ただ他のことは知らないので、ここでは建築士になるとどんないいことがあるかを紹介しようと思います。

 

 

建築学科に入ってよかったこと

デザインか工学か

一般的なイメージで言えば、「建築学科」とは「建築士」になる学科です。そして「建築士」とは「意匠設計者」です。

 

少なくない数の学生がそうしたイメージを持って入学してきます。みんながみんな、将来は「建築家」になるものだと思っています。

 

もちろん、将来「建築家」と呼ばれる人がクラスメートの中から出てくるかもしれません。しかし、その可能性はかなり低いです。

 

それどころか、「意匠設計」を生業にする人自体も多数派ではありません。野球部に入ったからといって、全員がピッチャーになれないのと同じです。

 

早い人は最初の設計課題で気づきます、「自分は意匠設計者になれない」と。バッコも早い段階で気づいた一人です。

 

しかし、デザインで一番になれなくても、建築士として一流になる道はあります。

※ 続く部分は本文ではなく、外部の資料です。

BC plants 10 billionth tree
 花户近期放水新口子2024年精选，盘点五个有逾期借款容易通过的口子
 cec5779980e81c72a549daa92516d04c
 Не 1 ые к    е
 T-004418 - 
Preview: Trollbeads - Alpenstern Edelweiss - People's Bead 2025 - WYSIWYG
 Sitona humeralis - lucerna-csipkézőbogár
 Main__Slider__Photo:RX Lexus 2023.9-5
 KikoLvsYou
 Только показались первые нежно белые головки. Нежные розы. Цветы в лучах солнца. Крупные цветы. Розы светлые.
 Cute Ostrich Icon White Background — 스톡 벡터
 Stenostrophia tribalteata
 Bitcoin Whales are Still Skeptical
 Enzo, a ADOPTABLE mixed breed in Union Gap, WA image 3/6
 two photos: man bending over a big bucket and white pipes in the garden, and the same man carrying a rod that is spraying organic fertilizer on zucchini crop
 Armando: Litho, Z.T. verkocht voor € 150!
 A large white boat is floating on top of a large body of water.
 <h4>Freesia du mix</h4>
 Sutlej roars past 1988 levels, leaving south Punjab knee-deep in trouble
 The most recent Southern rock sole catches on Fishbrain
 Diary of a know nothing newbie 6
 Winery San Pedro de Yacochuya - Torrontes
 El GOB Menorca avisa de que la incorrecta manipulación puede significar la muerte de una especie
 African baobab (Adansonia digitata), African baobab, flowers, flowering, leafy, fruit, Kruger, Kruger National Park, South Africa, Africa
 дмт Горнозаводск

自分の専攻を「構造」や「設備」といった「工学」に切り替えればいいのです。

 

「デザイン」と「工学」という異なる分野両方を学べるのが建築学科の魅力です。おかげ様で、あまりデザインのセンスは無かったものの、建築の最前線で仕事をすることができています。

 

他の学科でもいろいろな専攻があります。ただ、あくまでも同じ「工学」の中での違いです。建築学科ほど振れ幅は大きくありません。

 

工学部にしては女子が多い

男子は理系、女子は文系が多いです。男女で脳の構造上は優位な差は無いようですが、「女子は算数が苦手だから」と繰り返し聞かされることで苦手意識が植え付けられ、結果として差がついてしまうようです。

 

工学部は理系の学部なので、男子が圧倒的に多いです。機械工学科や電気工学科に行くと、女子はほんの数人、場合によってはゼロすらあり得ます。

 

そんな中、工学部内で圧倒的な女子の数を誇るのが建築学科です。知り合いの学校では男女比が1:2で、女子が男子の倍だったそうです。

 

男子諸君は単純にうれしいですし、女子も少数派にならずに済むので過ごしやすいようです。実際には泥臭いことも多い建築の世界ですが、華やかなイメージもあるおかげです。

 

別にサークルでもバイトでもすれば女性と知り合う機会はいくらでもありますが、4年間を一緒に過ごす仲間に女性が一定数いるというのはいいものです。実際クラスメート同士の結婚は珍しくありません。

 

建築士になってよかったこと

客先に一番近い

「自社ビルを建てたい」、「マンション開発をしたい」、となったときに、初期に声がかかるのは建築士です。現場監督や建材メーカー、その他の方々は必ずその後になります。

 

釘の一本も打ちませんが、建物を建てる最初の一歩は建築士から始まります。実際に建てる喜びもあると思いますが、建築の一番川上に立てるというのは気に入っているところです。

 

また、お客さんに近いということは、立場が上になるということです。接待する側ではなく、受ける側になることの方が多いです。

 

偉そうにしたいわけではありませんが、あまり気を使わなくてもいいのは楽です。

 

設計は内勤

現場監督や職人さんたちはとても大変です。かなり過酷な仕事だと思います。

 

真夏の作業現場、頭上の太陽と足元のデッキプレート(床の一部となる鋼板)からの照り返しで、さながらBBQ状態です。真冬は真冬で、雪の降る中冷たい湧き水の処理に苦慮することもあります。

 

設計を生業とする建築士は、工事監理以外では作業場に足を運びません。しかもチェックするのが仕事なので、本当に大変なのはチェックされる側の職人さんたちです。工事監理で作業所に立ち寄る度に、「偉いなぁ、大変だなぁ」と感心させられます。

 

設計者は基本的に内勤です。締め切りの大変さはありますし、徹夜もしますが、それでも楽をさせてもらっていると感じます。

 

自宅購入

ほとんどの人にとって人生で一番高い買い物になるのがマイホームです。そのマイホーム購入に関して、アドバンテージがあると言えるでしょう。

 

建築士であれば、一般の方が悩んでしまうようなことでもすぐに解決できる場合があります。営業トークに惑わされることもありません。まぁ、知り過ぎていることが逆に足枷になる場合もありますが。

 

モデルルームやモデルハウスに行って身分を明かすと、とても丁寧に対応してもらえます。間違った説明をされるときもありますが、それはそれで楽しいです。

 

自分で設計することもありますし、いろいろとハウスメーカーに注文を付けることもできます。知人の家づくりにアドバイスすることもあります。

 

どんな職業でも役に立つ場面はあると思いますが、金額面で言えば建築士が一番役に立つかもしれませんね。